> _INSTRUCTIONS FOR THE TASK_: Transcribe exactly the lines below that begin at the line with "美指自两周半高点回落 澳大利亚的经济数据逐渐转好" and stop after the line with "Interleucina-6 X serviços", leaving out every picture.

> _RECORDS SHOWN_:

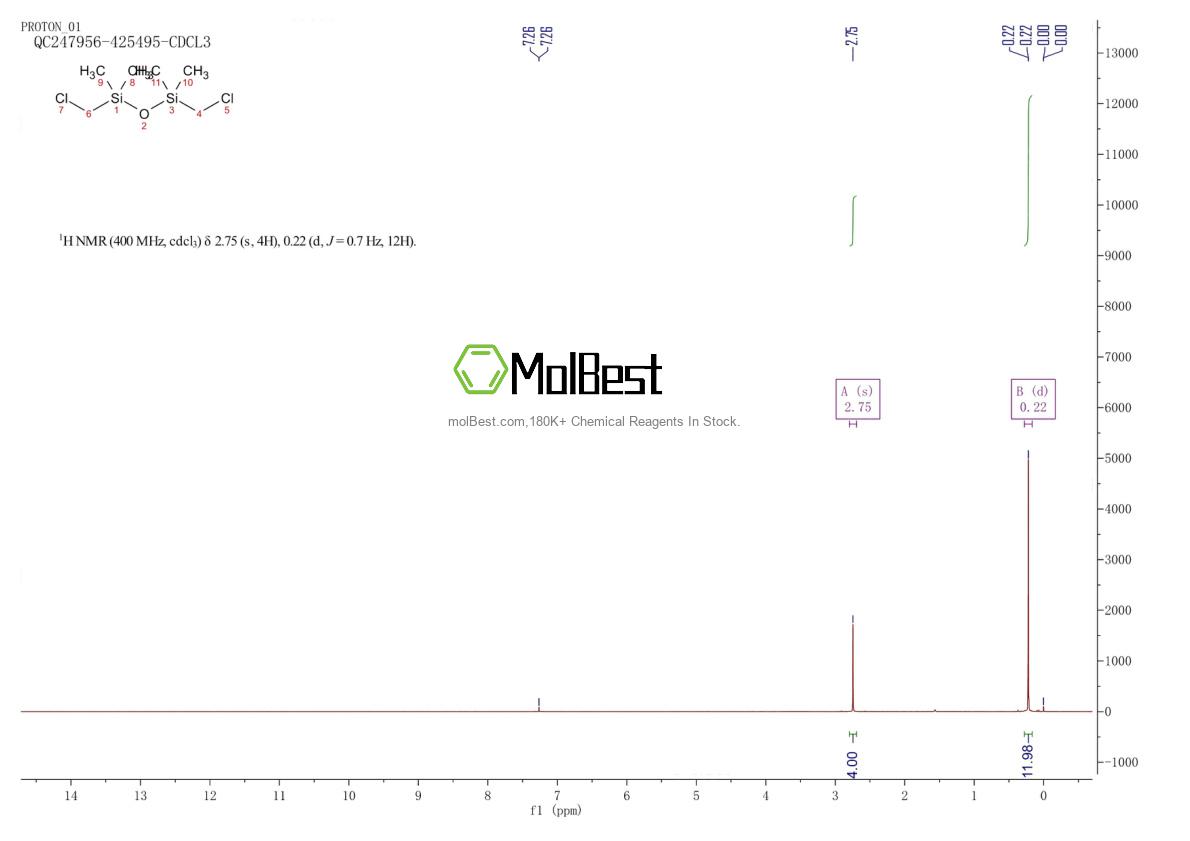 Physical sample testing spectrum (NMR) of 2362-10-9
--
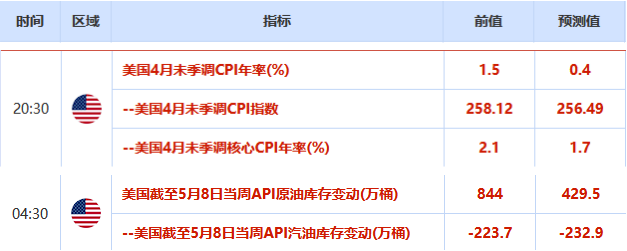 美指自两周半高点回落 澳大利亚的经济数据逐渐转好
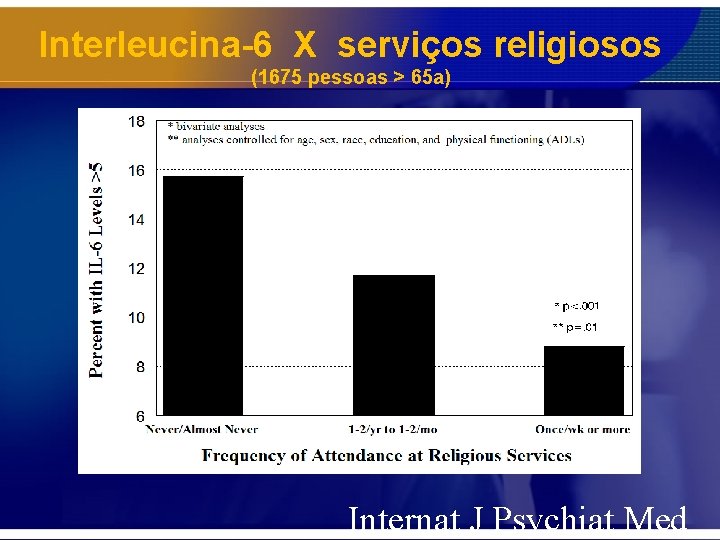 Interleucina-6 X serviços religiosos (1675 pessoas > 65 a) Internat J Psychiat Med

> _ANSWER FOR THE TASK_:
 美指自两周半高点回落 澳大利亚的经济数据逐渐转好
 Interleucina-6 X serviços religiosos (1675 pessoas > 65 a) Internat J Psychiat Med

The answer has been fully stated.